Random thoughts on a blurry Monday morning

Guess what I want for Mother’s Day? Swine flu. Just a very mild case. I wish my two best friends from high school would get it, too, and that we would have to be isolated together in a remote location. Preferably a beach house on Padre Island. I bet Tamiflu tastes pretty good in a pina colada.

I should add that my two best friends from high school have 10 children between them. They would take me up on this.

The Inside Scoop from a Former News Gal

The bus is half empty today. Are people driving in to work because they’re afraid of catching swine flu on mass transit? Should I be wearing a mask? Is that person behind me coughing?

Sometimes I feel that my personal panic button is permanently mashed down. Thanks a lot, MEDIA!

Really, it’s stupid of me to blame the media for my constant state of anxiety, isn’t it? Because there’s really no such thing as “the media,” just as there’s no such thing as “the man” (as in, sticking it to “the man”).

I used to be a newspaper editor so I’ve seen the slimy underbelly first hand. Listen to me: There is no amorphous mass called “the media” that thinks with one mind. It just feels as if there is.

If I didn’t know any better, here’s how I’d think “the media” worked:

All the big shot editors in the world gather each morning around a round, Dr. Strange Love table in an underground bunker somewhere at NORAD. Like high rollers out to corner the pork belly market (maybe that’s a bad choice of similes today), they collude with each other to whip us into a daily frenzy. They’re all smoking big stogies, even the women, especially the women, and laughing like crows.

– “ ‘Pandemic’ is too long to fit into a headline. Just use the word ‘doom’ ….”

– “I kinda like ‘aporkalpyse’…”

– “What about the recession? Does it still have legs?”

– “Nah, people are sick of that. Call the White House and see if Obama has the flu. Better yet, call Susan Boyle…”

But it’s not like that (except maybe at FOX).

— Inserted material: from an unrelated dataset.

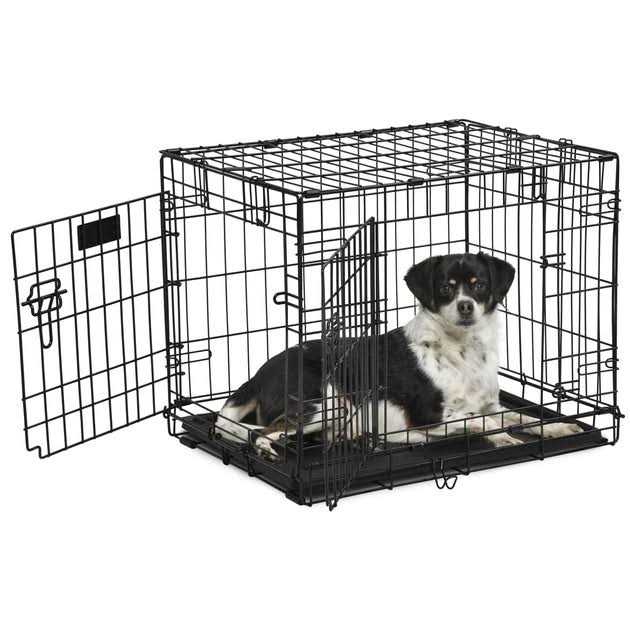 Single-Door Dog Crate O269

Here’s how typical editors decide on news coverage. Are you ready for this? They look at their competitors and see what they have, and then they go with that. They are covering their butts, making sure they don’t get chewed on by the higher ups.

So the ultimate goal is not audience manipulation: it’s butt protection.

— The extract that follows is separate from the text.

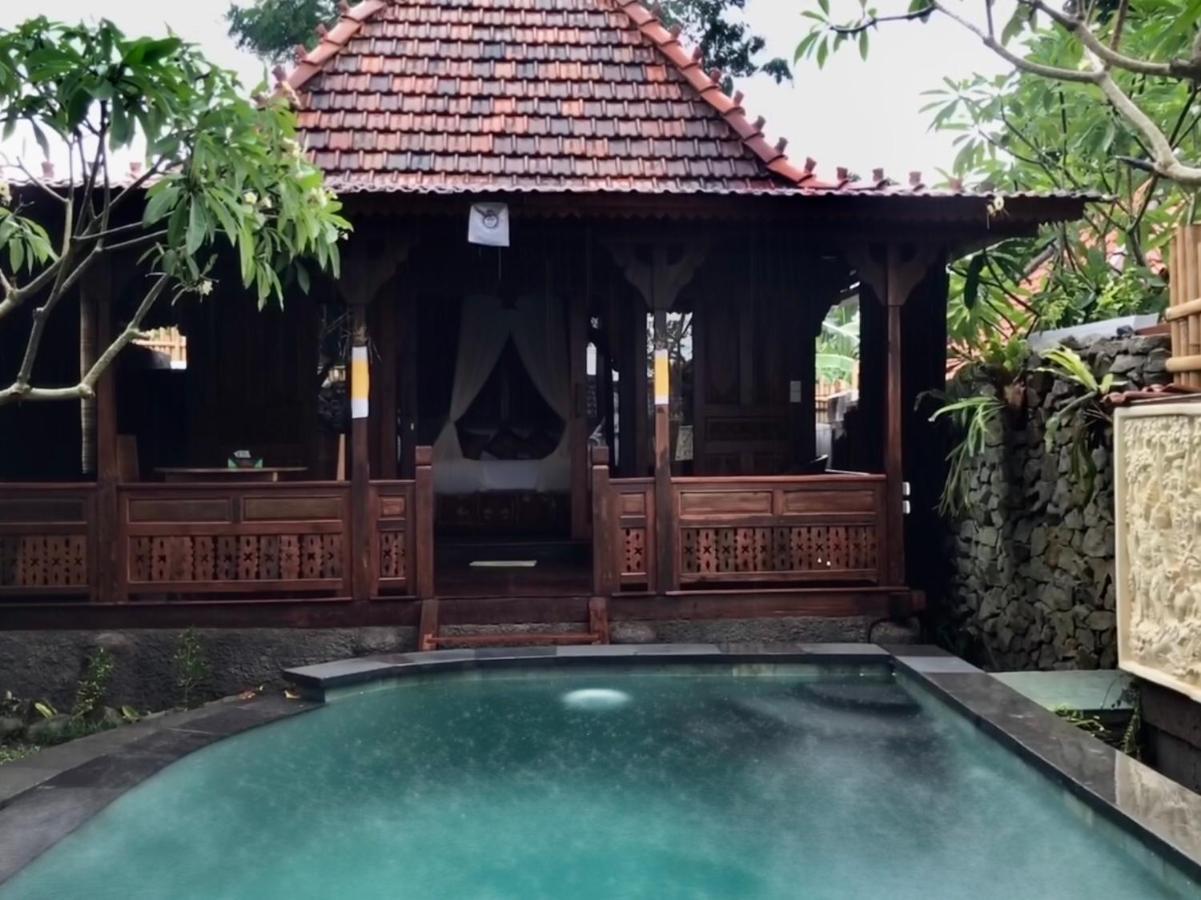 Bumbung Sari Ubud (Bali)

It seems like they’re in collusion, but all they’re really doing is constantly looking at each other for validation that crap is important. It’s not conspiracy; it’s just plain old fear of an ass whuppin’. So there you have it.

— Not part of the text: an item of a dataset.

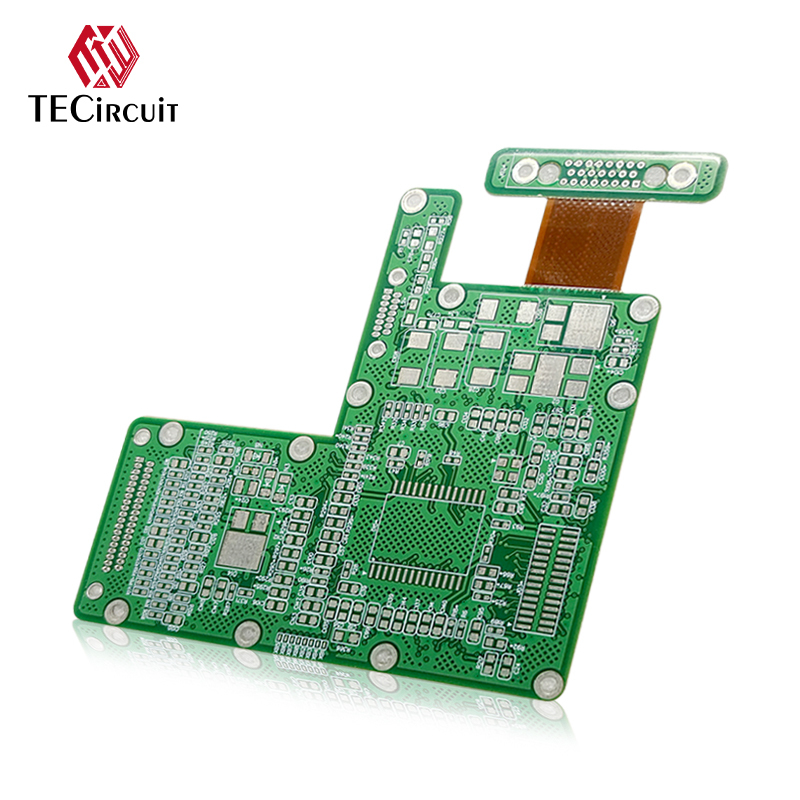最新の企業ブログについて 工業用チップと消費者用チップの PCBのレイアウトと配線は同じですか?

Still, if you’re a really good journalist, and believe me, they’re still out there, I’m married to one, you go find stuff out. Then you ask yourself: Does this matter? Can someone benefit from knowing this? And if the answer is anywhere near yes, you run with it.

Notes from the Latest Local Pestilence

On my bus ride to downtown Houston this morning, I see a string of cars, miles long, parked on the shoulder of the freeway, waiting.

The side streets along Highway 59 are all flooded, and some cars are stranded with water up to the door. Can’t see if anyone is inside.

I can’t figure out what all the people parked on the shoulder of the highway are waiting for. It could be hours before the waters recede. And there could be more rain coming. Are they going to stay there all morning, talking on their cell phones? Isn’t there a place somewhere down the road to take refuge in?

Why do people do this? Is this the reason flight attendants have to scream at passengers to exit a crashed plane?

Honestly, the whole nation feels like it’s parked on the side of the freeway right now, waiting for the recession to recede.

People, get moving! Don’t stop ‘til you get to the I-Hop!